WHAT IS NEEDED: Give back every record precisely.

LISTED ENTRIES:
....................

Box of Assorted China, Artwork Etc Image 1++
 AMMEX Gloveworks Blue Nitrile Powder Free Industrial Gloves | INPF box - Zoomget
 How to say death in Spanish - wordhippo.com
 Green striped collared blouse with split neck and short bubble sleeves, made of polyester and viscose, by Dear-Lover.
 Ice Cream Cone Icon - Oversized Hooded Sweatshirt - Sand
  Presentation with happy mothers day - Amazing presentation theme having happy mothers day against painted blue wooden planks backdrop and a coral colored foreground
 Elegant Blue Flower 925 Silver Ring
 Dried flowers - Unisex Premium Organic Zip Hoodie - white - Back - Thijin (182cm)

....................

OUTPUT OF THE EXERCISE:
Box of Assorted China, Artwork Etc Image 1++
 AMMEX Gloveworks Blue Nitrile Powder Free Industrial Gloves | INPF box - Zoomget
 How to say death in Spanish - wordhippo.com
 Green striped collared blouse with split neck and short bubble sleeves, made of polyester and viscose, by Dear-Lover.
 Ice Cream Cone Icon - Oversized Hooded Sweatshirt - Sand
  Presentation with happy mothers day - Amazing presentation theme having happy mothers day against painted blue wooden planks backdrop and a coral colored foreground
 Elegant Blue Flower 925 Silver Ring
 Dried flowers - Unisex Premium Organic Zip Hoodie - white - Back - Thijin (182cm)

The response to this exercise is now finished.